There’s no single greater factor that affects a major league baseball team than the starting pitchers on both sides. Know the ins and outs of each starter. How does he perform at home, on the road, day and night? What is his history against the opposing batters and ball park? How do his season stats compare to his more recent form. The more information you attain, the better plan of attack you will have.
Great teams can’t rely on starting pitching alone anymore. Virtually every playoff team will have a solid bullpen with a reliable closer. Teams blowing 8th and 9th inning leads are more commonplace than ever as top-notch bullpen arms are a coveted commodity. Know the ‘pens you can trust to close out a game and also those to avoid.

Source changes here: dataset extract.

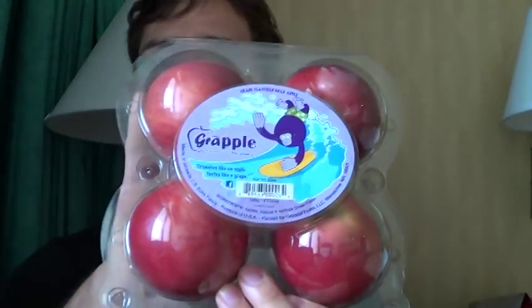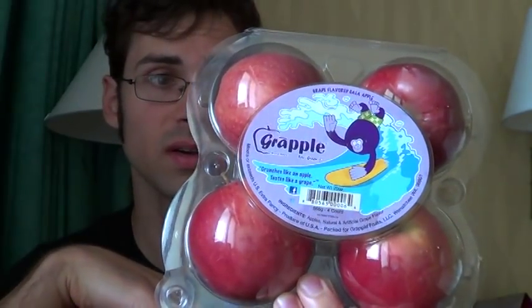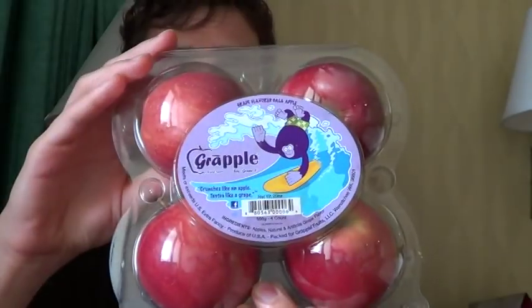This cost me $5 US, so each one of these apples is $1.25. It's quite a lot of money for an apple, but compared to weird fruit I buy, it's not really that expensive. If you want to try something as a novelty, I say it's worth it.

Certain NL teams play much better when they get the added bat of a DH in their lineup. Know which teams love — and which hate — interleague matchups.
Tired of taking Madison Bumgarner and having a winning bet ready to cash only to see the Giants’ bullpen blow it late? Consider taking a 1st 5 inning (or first half) bet, which virtually eliminates the bullpens from affecting the outcome. Your bet will be graded based on the score at the end of the 5th inning only.
Yes the Red Sox seem to win every day, but when you back them at a -300 price, you lose THREE TIMES the money on a day they happen to lose. At that price you’d have to go 3-1 with them just to break even! There are smarter ways to attack the board.
Instead of risking way too much money on a heavy favorite straight bet, consider pairing two together if you like a couple big favorites. Suddenly a -220 and a -180 favorite can be combined for a nice plus money 2-team parlay!
Max Scherzer against Cole Hamels? Forget trying to flip a coin to predict the winner. Bet the UNDER and root for both as the 0’s roll in on the scoreboard! A couple of gas cans pitching in Texas? Bet the OVER and root root root for the home… runs!
Want play the Indians with Kluber on the hill but don’t want to lay -220 and don’t see anyone to parlay with? Consider playing the RUNLINE (you give up -1.5 runs, meaning your team has to win by 2 or more) at a considerably better price than the moneyline. But be careful, there are a lot of 1-run games in baseball, especially in the National league!